**Task statement**
Reproduce, exactly and in full, only the lines below from the one containing "Venol Synthesis Premium SN CF 5W30" through the one containing "Pomo cerámica floral vintage años 70".

(Supplied data begins)

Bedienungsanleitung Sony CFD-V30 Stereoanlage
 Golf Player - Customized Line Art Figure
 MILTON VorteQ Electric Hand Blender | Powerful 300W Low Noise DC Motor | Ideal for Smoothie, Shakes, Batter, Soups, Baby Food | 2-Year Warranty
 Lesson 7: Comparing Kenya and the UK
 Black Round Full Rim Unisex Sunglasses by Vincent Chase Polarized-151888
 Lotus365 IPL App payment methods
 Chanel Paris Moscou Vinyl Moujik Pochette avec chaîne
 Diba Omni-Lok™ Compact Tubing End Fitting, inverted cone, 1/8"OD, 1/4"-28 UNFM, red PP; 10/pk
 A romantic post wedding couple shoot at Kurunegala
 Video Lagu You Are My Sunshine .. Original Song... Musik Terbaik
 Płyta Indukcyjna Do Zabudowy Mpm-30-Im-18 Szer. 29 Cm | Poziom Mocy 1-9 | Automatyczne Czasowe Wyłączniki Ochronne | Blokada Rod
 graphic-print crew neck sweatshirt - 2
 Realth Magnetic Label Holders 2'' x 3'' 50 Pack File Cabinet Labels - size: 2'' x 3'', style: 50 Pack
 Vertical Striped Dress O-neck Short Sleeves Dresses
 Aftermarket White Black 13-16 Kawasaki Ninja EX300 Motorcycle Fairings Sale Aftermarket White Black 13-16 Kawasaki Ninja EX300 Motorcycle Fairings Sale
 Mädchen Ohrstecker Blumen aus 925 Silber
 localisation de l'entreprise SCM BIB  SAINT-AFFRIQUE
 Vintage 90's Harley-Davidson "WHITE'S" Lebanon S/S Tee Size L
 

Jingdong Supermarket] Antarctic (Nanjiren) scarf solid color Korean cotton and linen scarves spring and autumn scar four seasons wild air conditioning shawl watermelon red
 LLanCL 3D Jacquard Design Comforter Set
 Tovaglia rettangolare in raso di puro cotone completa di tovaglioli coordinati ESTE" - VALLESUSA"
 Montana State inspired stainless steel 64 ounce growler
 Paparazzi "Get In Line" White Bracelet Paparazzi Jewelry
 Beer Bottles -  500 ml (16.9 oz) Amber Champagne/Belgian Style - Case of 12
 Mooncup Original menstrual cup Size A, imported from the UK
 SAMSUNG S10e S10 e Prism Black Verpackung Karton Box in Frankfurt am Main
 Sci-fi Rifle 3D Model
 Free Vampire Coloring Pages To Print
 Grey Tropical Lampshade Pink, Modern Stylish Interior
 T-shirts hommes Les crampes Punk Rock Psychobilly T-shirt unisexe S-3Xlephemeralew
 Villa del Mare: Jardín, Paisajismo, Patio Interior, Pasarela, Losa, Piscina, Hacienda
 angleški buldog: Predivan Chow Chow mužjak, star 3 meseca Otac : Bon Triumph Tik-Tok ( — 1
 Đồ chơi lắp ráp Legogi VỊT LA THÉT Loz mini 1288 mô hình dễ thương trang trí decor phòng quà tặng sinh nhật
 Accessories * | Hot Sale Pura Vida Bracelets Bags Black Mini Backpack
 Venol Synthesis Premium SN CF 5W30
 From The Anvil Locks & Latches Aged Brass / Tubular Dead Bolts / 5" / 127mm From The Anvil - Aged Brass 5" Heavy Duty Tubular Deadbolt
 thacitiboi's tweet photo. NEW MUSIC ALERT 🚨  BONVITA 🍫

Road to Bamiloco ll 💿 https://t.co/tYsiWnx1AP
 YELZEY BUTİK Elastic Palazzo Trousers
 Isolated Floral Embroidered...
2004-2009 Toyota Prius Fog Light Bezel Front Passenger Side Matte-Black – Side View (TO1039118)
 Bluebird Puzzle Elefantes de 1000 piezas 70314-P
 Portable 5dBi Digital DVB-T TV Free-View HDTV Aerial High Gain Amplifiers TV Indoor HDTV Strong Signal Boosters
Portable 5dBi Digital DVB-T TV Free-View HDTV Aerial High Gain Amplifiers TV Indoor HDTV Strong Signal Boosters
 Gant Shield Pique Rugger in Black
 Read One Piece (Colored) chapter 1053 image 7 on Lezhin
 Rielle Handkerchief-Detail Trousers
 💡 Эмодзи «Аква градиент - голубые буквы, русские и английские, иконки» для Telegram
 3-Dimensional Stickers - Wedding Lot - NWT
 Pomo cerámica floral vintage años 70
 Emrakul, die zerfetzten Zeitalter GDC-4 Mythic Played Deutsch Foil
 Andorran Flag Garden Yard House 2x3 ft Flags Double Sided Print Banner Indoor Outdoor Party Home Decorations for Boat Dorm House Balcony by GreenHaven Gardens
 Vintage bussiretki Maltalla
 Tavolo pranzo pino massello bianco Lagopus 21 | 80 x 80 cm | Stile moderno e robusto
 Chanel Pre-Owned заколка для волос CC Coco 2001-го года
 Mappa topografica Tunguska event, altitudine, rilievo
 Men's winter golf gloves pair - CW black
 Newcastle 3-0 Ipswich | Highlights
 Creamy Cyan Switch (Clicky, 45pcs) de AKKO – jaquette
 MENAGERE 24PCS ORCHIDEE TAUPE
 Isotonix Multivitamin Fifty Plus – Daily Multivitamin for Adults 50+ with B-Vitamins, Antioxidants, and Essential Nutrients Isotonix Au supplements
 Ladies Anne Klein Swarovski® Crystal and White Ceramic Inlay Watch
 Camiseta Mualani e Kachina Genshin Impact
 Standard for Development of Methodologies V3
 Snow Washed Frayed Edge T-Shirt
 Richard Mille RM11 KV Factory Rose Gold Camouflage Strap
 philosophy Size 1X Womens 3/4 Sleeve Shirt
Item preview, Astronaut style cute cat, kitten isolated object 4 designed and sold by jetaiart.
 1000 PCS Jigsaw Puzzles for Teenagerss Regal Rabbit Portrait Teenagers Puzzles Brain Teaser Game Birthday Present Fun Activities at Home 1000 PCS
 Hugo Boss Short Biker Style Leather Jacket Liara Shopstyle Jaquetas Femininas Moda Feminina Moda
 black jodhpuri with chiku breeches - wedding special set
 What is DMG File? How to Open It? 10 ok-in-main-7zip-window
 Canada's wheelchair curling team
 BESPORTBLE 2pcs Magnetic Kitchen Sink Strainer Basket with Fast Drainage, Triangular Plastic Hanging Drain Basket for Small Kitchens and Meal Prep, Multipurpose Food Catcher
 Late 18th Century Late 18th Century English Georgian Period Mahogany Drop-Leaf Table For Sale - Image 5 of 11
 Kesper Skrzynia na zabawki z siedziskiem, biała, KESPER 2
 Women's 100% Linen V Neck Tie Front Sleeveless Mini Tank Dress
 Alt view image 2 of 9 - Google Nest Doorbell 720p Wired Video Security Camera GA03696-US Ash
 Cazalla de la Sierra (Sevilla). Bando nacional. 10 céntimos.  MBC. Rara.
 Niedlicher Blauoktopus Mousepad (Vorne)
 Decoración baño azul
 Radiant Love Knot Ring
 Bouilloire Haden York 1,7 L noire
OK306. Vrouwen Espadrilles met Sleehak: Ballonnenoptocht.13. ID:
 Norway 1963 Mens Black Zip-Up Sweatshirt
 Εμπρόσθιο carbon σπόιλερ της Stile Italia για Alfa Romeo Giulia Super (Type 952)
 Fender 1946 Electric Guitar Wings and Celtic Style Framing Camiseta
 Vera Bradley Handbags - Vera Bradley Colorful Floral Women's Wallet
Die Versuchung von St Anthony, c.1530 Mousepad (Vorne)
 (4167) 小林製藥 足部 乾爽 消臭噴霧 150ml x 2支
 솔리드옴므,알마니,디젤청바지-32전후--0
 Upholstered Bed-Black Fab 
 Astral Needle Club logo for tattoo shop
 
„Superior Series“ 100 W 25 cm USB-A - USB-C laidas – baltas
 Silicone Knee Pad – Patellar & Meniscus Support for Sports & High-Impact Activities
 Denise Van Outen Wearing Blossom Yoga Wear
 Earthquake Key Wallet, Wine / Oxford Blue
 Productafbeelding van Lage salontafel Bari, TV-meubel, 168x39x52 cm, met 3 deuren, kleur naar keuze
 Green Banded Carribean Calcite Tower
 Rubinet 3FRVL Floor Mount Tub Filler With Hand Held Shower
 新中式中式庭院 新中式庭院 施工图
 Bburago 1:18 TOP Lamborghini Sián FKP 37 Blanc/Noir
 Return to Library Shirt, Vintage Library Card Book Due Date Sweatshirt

(Supplied data ends)

**Response box**
 Venol Synthesis Premium SN CF 5W30
 From The Anvil Locks & Latches Aged Brass / Tubular Dead Bolts / 5" / 127mm From The Anvil - Aged Brass 5" Heavy Duty Tubular Deadbolt
 thacitiboi's tweet photo. NEW MUSIC ALERT 🚨  BONVITA 🍫

Road to Bamiloco ll 💿 https://t.co/tYsiWnx1AP
 YELZEY BUTİK Elastic Palazzo Trousers
 Isolated Floral Embroidered...
2004-2009 Toyota Prius Fog Light Bezel Front Passenger Side Matte-Black – Side View (TO1039118)
 Bluebird Puzzle Elefantes de 1000 piezas 70314-P
 Portable 5dBi Digital DVB-T TV Free-View HDTV Aerial High Gain Amplifiers TV Indoor HDTV Strong Signal Boosters
Portable 5dBi Digital DVB-T TV Free-View HDTV Aerial High Gain Amplifiers TV Indoor HDTV Strong Signal Boosters
 Gant Shield Pique Rugger in Black
 Read One Piece (Colored) chapter 1053 image 7 on Lezhin
 Rielle Handkerchief-Detail Trousers
 💡 Эмодзи «Аква градиент - голубые буквы, русские и английские, иконки» для Telegram
 3-Dimensional Stickers - Wedding Lot - NWT
 Pomo cerámica floral vintage años 70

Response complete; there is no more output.